Very cool. Thanks for the explanations.
On the separate mmap, I'm writing the serialized OpaqueEvent first, then writing the indexes. On a crash we might have a useless event that didn't get indexed, but it wouldn't be corrupt. The writer locks a write-lock, appends, then updates the 'end' pointer at the beginning of the map, then releases the write lock.
Also, these events are opaque (customer-ready, pre-validated). I never access the fields.
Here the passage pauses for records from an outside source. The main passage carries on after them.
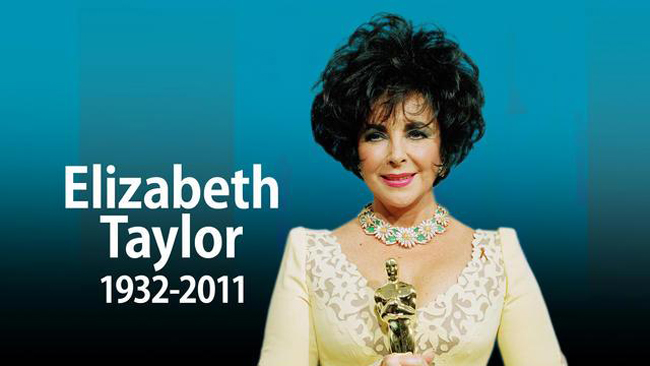 Marzo 23, 2011: Fallece la actriz de origen ingles Elizabeth Taylor producto de una deficiencia cardiaca. Tylor fue ganadora de dos premios Oscar.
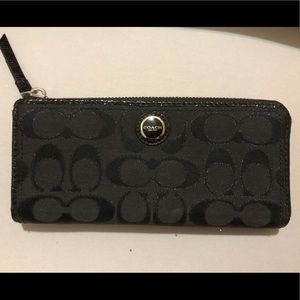 Authentic black coach logo wallet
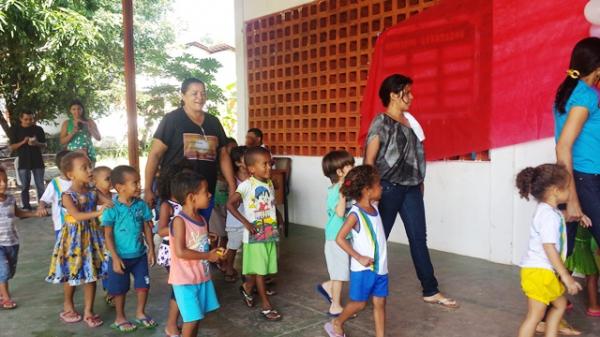 CRAS realiza atividades com idosos e crian&ccedil;as(Imagem:Secom)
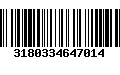 Código de Barras 3180334647014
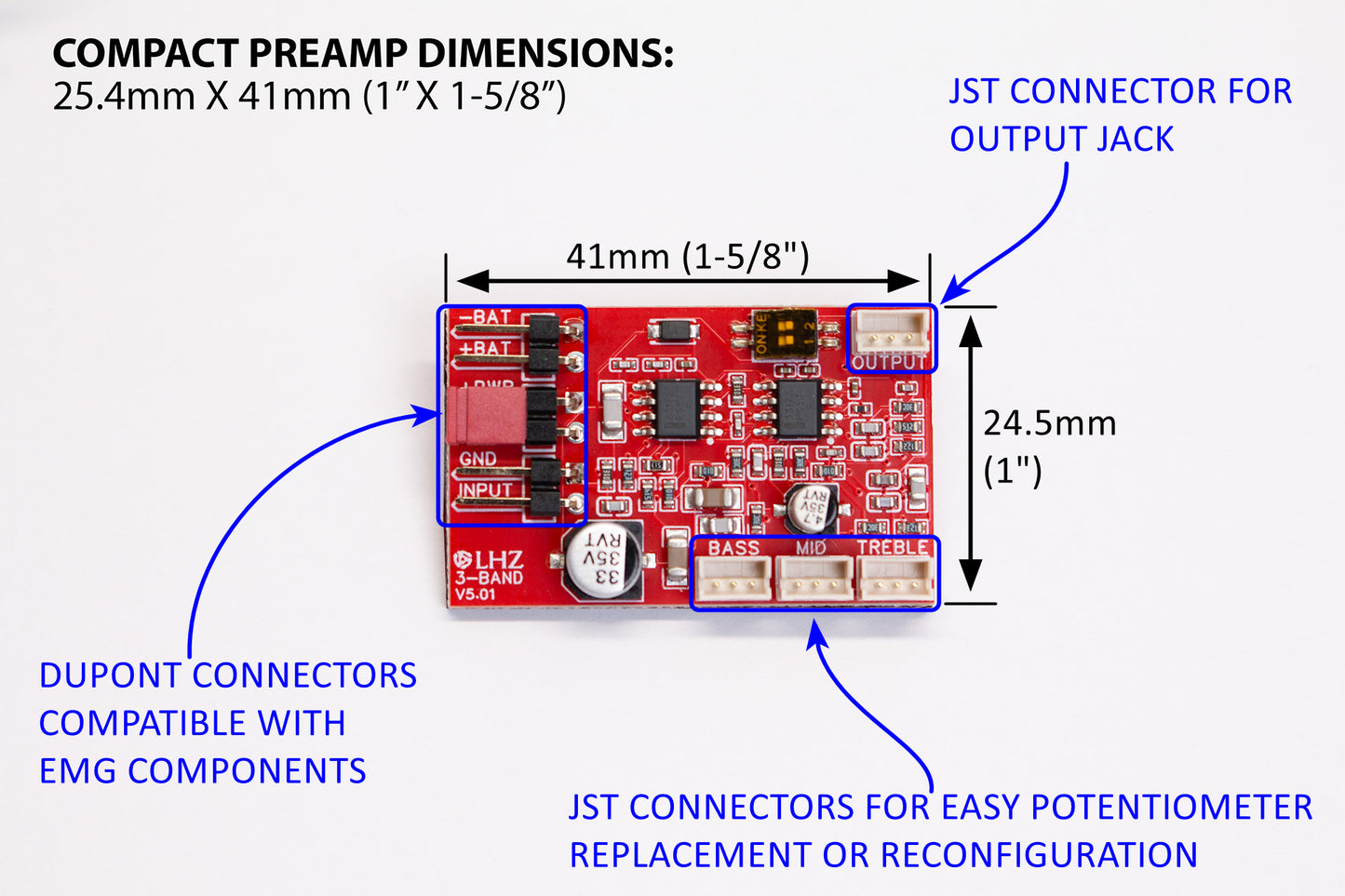 LHZ-05 3-Band Preamp Kit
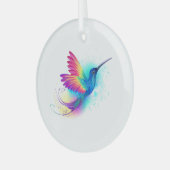 Ornement En Verre Exotic Rainbow Hummingbird (Avant gauche)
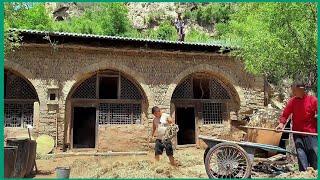 Renovating the hillside cave house is amazing | workers HD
I noticed strfry does an index scan of these flatbuffers (of stripped down events) when necessary, using the fields to filter. I'm instead trying to use multiple btree-like indexes:
id -> offset
(created_at, id) -> offset
(pubkey, created_at, id) -> offset
(event_kind, created_at, id) -> offset
(tagdata, created_at, id) -> offset
Each key has to be unique per event, hence the id on each. And the created_at is to scan a since/until range. It's a lot of data to store, but I think that is okay on a personal relay. I don't think it would cause more page faults and cache misses.
I'm finding the set of events that match the filter by doing a functional intersection over the results from these filters. I say functional because I don't collect each result into a set and then intersect them, I intersect as I go: first index: collect the offsets in a hashset; second index: check each in the previous hashset and if it exists, copy to the next hashset (thus functionally being a set intersection) otherwise drop it.
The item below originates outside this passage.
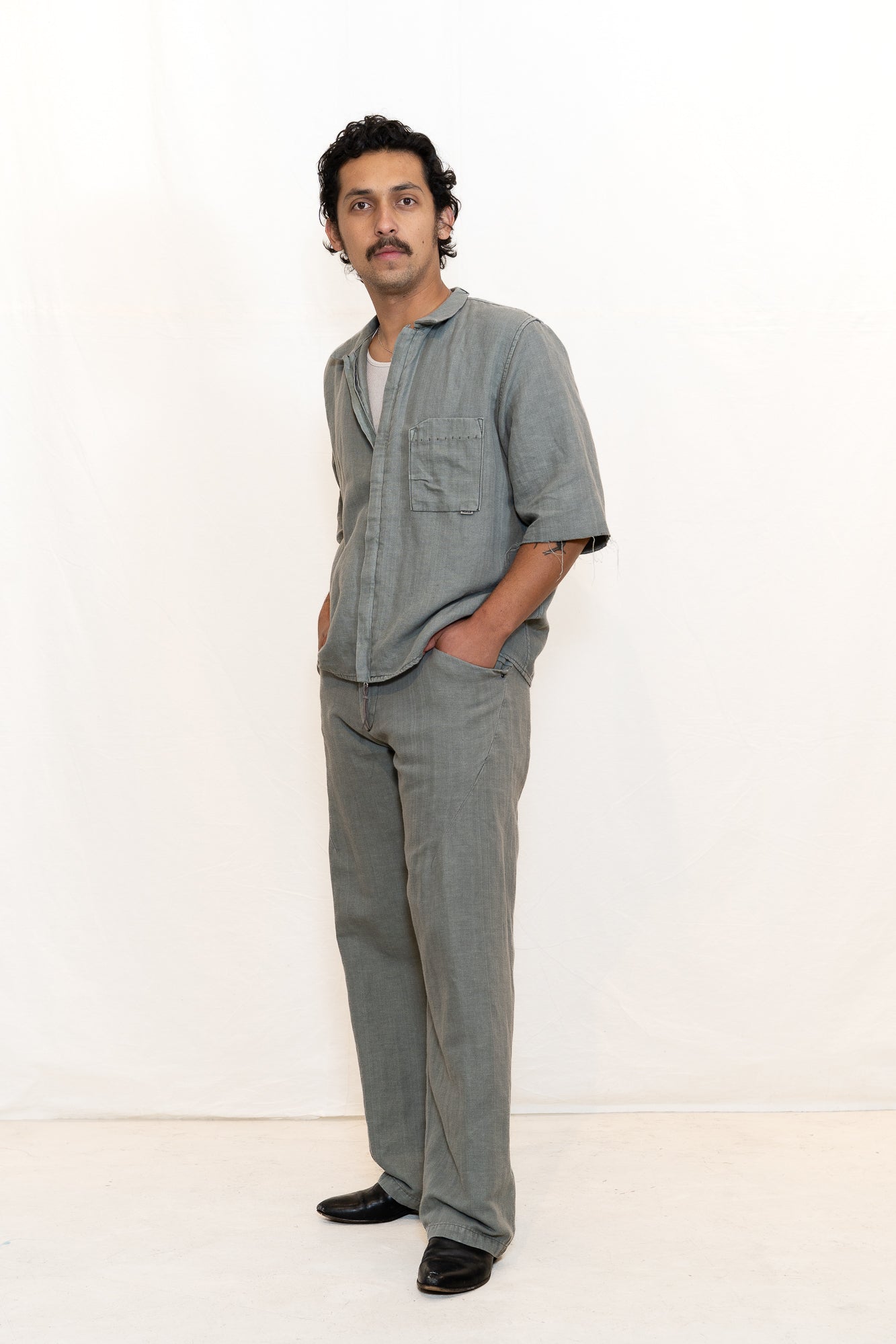 MATiAS Hana Zip Shirt in Tal Zo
Maybe this is a dumb algorithm. Databases are more my brother's thing, but I'm stubbernly trying to reinvent them myself (I would never learn as well otherwise).
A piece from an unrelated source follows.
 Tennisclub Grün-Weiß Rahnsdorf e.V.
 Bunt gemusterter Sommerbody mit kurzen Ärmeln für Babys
I think deleted events will just be marked as such in another hash table, and a periodic rewrite will filter them out. I haven't really worked that out and now that I'm thinking about it, it could be quite expensive.
A lot of these OS level features like sendfile() or pwritev() become very difficult to use when relying on an upstream library that doesn't expose it's API in a way to utilize those. If I use tungstenite for websockets, I don't think I can write into it's outbound buffers at a low level.
At this point I'm really still exploring. It will change.